* **YOUR INSTRUCTIONS**
The required output is an exact copy of the lines from the one containing "Batterie Cuisine Camping" through the end of the entries below, with pictures removed.

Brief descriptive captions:
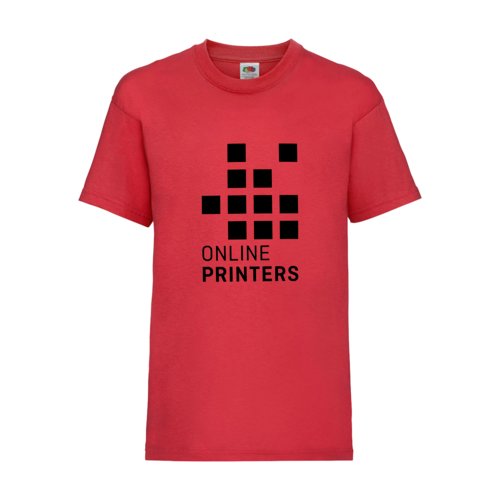 Red cotton children's t-shirt with short sleeves.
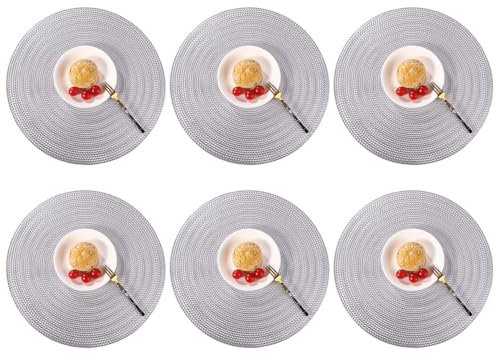 Round Placemats Set of 6 Silver - Washable Polyester Circle Place Mats Non Slip Heat Resistant Tablemat for Table Kitchen Deco Silver371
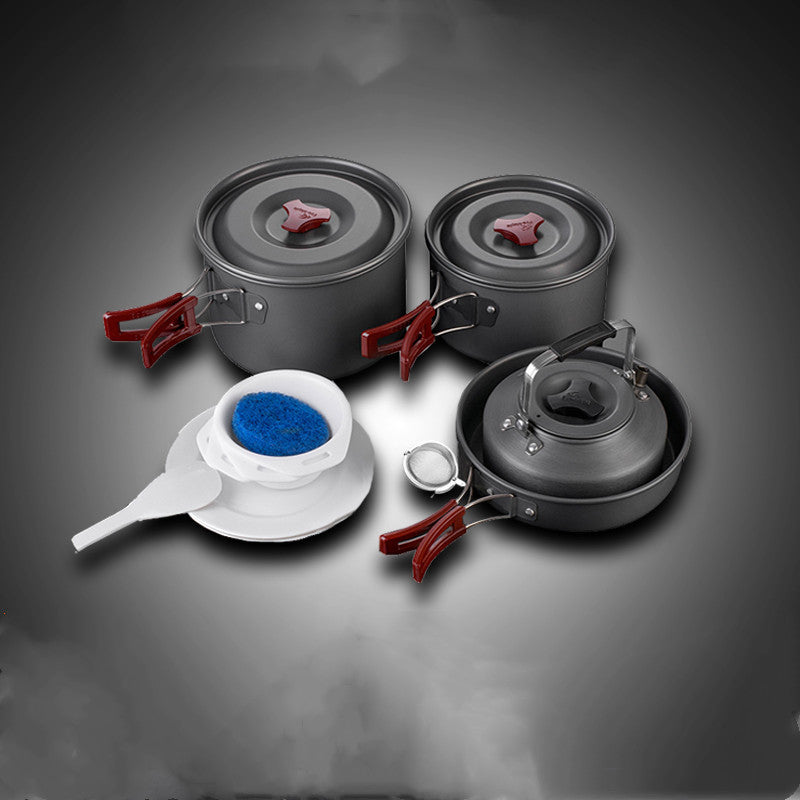 Batterie Cuisine Camping Alumine 3 Pièces - Set Casseroles Emboîtables 660g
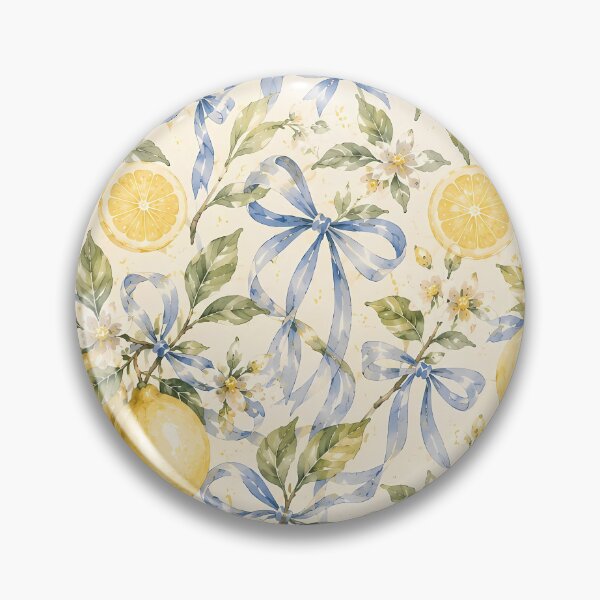 Item preview, Watercolor Lemon and Blue Coquette Bow Seamless Pattern designed and sold by BeataPrint.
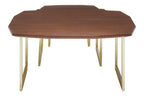 Set of 3 Brown Walnut Wood Nesting Side Tables with Gold Finish Metal Legs | Villi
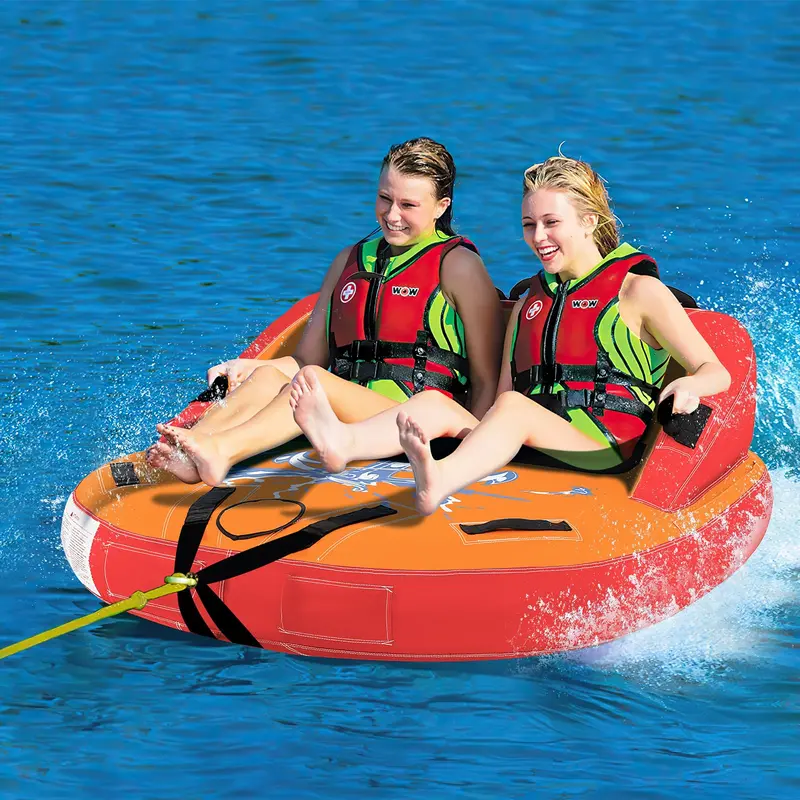 Inflatable Towable Sofa Tube – 1–2 Rider Water Sport Pull Toy with Quick-Drain Vents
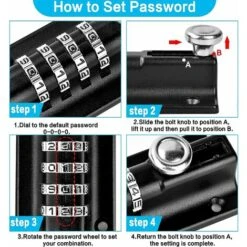 Loquet De Verrouillage à Combinaison Verrou à Combinaison à 4 Chiffres Verrou De Porte à Code Mécanique Serrure Sans Clé Glissière Verrou De Porte Inviolable Pour Armoire Jardin -Promos Matériel Boutique 66307868 3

* **EXERCISE RESPONSE**
 Batterie Cuisine Camping Alumine 3 Pièces - Set Casseroles Emboîtables 660g
 Item preview, Watercolor Lemon and Blue Coquette Bow Seamless Pattern designed and sold by BeataPrint.
 Set of 3 Brown Walnut Wood Nesting Side Tables with Gold Finish Metal Legs | Villi
 Inflatable Towable Sofa Tube – 1–2 Rider Water Sport Pull Toy with Quick-Drain Vents
 Loquet De Verrouillage à Combinaison Verrou à Combinaison à 4 Chiffres Verrou De Porte à Code Mécanique Serrure Sans Clé Glissière Verrou De Porte Inviolable Pour Armoire Jardin -Promos Matériel Boutique 66307868 3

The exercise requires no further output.